I can recommend some driver training!

The vast, vast majority of the time, "warped rotors" are not actually warped, in a physical sense.  They have uneven pad material deposited on them.  A "warped" (like a Pringle) rotor probably won't actually pulse the brake pedal, as the fluid volume will be constant as the pads shift back and forth.  And that's not how they fail.

What happens, most of the time, is that someone is stopping the vehicle, and then continuing to stand on the brakes.  This presses the hot pad (from the braking) into the hot rotor, and you end up with literally a pad-shaped deposit on the rotor as the pad material bonds to the hot rotor.  If it's really bad, you can actually see the stamping.  That leads to uneven thickness, which leads to pedal pulsing as the pads are pressed back in once a rotation.

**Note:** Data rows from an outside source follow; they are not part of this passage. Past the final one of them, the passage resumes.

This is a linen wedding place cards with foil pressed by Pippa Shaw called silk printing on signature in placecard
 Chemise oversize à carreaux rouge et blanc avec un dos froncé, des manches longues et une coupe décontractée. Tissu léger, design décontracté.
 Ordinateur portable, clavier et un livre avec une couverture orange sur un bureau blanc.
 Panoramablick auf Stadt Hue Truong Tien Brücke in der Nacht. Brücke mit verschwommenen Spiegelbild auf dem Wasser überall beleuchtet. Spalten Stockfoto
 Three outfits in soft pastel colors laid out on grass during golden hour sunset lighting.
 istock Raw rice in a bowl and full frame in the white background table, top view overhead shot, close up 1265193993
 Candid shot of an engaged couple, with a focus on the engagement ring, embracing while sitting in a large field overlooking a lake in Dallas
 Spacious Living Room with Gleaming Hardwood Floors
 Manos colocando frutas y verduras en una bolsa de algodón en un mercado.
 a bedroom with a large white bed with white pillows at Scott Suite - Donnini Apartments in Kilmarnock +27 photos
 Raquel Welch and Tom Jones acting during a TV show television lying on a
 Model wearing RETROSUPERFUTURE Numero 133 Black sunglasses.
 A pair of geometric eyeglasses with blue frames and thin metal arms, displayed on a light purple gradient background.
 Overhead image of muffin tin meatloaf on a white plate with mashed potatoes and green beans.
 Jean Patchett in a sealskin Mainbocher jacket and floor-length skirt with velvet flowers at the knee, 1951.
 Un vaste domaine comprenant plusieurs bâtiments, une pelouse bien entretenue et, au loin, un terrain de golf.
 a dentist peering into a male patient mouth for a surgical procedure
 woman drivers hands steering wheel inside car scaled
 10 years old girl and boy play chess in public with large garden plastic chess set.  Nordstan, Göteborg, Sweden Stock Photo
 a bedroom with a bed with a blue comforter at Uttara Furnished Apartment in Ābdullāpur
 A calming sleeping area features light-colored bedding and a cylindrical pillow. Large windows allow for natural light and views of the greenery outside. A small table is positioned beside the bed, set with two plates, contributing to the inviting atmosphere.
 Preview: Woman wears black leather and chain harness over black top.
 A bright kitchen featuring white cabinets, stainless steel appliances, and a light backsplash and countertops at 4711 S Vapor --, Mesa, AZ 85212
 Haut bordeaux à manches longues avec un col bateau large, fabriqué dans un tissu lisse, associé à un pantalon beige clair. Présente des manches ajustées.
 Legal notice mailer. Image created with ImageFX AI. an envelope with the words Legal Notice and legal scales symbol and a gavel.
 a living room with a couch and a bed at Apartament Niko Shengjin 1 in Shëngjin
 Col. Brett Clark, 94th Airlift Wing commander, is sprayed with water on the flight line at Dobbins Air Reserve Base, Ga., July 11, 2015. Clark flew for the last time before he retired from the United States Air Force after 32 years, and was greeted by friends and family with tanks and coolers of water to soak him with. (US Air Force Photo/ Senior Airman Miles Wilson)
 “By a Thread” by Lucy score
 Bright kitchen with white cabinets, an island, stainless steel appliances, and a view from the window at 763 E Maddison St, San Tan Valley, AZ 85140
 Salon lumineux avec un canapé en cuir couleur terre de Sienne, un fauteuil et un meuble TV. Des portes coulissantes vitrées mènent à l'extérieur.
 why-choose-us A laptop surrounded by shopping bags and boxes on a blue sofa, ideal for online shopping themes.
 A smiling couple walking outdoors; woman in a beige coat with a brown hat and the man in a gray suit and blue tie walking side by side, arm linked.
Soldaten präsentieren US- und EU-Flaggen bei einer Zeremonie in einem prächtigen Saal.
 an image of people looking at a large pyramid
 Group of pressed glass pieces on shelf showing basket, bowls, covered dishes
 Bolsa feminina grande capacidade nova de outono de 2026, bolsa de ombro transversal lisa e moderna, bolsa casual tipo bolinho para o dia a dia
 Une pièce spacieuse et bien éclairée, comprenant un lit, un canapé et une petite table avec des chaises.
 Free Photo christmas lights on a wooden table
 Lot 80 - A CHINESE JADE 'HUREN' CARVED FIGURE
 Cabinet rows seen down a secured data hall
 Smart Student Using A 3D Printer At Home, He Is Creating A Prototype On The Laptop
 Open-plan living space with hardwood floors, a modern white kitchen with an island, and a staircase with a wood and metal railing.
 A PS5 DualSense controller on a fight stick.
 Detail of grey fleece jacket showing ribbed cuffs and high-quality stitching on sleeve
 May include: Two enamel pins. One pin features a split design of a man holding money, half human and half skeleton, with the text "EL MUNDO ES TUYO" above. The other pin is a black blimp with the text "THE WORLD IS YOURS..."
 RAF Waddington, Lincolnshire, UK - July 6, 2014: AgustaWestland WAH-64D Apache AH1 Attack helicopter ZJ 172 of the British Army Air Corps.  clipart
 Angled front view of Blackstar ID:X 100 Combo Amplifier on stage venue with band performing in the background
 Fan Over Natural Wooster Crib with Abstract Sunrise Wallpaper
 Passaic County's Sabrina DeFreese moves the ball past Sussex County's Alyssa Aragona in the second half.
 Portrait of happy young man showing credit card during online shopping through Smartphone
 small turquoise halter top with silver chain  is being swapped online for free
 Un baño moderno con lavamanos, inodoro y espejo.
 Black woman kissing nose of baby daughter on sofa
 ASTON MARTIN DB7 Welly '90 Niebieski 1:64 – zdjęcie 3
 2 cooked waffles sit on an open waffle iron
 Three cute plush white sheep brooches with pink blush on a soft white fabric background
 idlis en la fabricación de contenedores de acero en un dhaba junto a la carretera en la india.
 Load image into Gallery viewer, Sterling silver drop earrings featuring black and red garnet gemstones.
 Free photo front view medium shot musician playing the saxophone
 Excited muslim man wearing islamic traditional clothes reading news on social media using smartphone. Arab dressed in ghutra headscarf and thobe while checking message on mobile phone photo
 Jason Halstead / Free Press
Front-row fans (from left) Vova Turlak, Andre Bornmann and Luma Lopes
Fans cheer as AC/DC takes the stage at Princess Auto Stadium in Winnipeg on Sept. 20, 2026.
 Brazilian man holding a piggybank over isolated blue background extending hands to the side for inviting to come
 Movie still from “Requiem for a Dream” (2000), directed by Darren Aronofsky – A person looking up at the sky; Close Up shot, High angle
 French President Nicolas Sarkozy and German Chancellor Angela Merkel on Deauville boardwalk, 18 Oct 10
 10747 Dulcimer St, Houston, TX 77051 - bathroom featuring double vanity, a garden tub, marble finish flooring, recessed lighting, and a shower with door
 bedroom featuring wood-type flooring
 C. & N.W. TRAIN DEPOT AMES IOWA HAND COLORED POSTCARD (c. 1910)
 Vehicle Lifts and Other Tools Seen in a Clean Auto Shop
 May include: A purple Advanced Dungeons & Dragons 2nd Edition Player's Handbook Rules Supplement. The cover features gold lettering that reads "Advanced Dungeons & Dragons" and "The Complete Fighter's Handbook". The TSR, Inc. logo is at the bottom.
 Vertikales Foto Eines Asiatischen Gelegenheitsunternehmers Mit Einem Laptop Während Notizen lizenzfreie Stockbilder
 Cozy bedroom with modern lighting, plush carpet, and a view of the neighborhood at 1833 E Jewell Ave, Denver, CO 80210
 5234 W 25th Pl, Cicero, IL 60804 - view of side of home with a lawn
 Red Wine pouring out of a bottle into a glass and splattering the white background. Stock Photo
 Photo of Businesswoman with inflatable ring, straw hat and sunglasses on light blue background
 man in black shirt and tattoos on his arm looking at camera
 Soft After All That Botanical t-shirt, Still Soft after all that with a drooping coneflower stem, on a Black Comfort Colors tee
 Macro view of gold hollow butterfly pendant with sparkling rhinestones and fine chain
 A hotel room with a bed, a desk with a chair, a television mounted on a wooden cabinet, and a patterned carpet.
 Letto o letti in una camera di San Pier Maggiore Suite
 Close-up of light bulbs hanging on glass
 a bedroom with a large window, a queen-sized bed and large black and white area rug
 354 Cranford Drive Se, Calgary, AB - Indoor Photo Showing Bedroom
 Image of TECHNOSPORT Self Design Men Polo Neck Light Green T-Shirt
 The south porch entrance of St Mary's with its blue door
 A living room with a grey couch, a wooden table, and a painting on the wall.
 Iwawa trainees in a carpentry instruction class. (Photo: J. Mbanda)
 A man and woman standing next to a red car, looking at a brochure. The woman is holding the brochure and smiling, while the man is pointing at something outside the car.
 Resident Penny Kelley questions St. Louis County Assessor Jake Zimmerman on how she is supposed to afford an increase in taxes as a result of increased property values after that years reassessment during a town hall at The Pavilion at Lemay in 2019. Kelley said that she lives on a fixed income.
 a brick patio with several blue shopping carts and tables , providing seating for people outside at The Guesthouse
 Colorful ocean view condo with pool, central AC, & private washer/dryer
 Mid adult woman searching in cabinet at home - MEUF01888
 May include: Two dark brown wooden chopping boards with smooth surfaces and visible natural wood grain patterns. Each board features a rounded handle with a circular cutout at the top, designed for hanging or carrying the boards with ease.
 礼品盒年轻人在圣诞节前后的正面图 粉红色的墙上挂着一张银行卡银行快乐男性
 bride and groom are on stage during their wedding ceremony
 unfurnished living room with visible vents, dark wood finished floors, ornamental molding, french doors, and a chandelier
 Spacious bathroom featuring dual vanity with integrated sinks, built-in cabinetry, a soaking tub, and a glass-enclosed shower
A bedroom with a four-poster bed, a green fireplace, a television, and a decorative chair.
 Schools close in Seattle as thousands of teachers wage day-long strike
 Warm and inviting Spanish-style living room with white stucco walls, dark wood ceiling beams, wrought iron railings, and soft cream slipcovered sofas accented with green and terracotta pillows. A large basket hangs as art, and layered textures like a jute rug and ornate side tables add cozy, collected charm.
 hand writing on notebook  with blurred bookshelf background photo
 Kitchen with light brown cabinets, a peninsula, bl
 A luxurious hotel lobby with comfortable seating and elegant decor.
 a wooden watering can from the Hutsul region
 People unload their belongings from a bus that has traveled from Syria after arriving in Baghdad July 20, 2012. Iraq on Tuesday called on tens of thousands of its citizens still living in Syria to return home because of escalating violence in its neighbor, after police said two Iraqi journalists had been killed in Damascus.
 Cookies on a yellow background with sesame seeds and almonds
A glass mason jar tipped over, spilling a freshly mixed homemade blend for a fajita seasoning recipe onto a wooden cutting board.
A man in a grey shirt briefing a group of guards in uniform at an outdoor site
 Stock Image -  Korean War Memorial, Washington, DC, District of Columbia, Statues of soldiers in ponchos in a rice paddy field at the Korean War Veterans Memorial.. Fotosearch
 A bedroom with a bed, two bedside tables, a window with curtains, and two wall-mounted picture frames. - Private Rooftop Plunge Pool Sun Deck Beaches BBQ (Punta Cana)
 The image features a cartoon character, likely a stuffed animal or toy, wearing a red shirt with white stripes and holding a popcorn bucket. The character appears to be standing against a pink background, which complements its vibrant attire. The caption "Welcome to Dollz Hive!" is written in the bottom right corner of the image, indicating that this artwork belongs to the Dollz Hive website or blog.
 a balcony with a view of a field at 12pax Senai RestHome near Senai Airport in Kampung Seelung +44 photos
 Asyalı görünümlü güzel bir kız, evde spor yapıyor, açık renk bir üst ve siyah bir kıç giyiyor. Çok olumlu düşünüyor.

I've had this problem with cars before I learned about how the pad/rotor interface worked.

The solution is pretty simple: Once you've stopped, use as little brake pressure as possible to keep the car stopped.  I drive a manual, so I often don't even have the brake pedal pushed at a stop on level ground.  You've got an automatic (almost certainly), so you still have to keep a bit of pressure, but not much.

Another suggestion is to be gentle the last 50' into a stop.  Coming off a highway, get the bulk of your braking done early, then roll with very gentle braking the last 50-100' into the stop, and then relax the pressure.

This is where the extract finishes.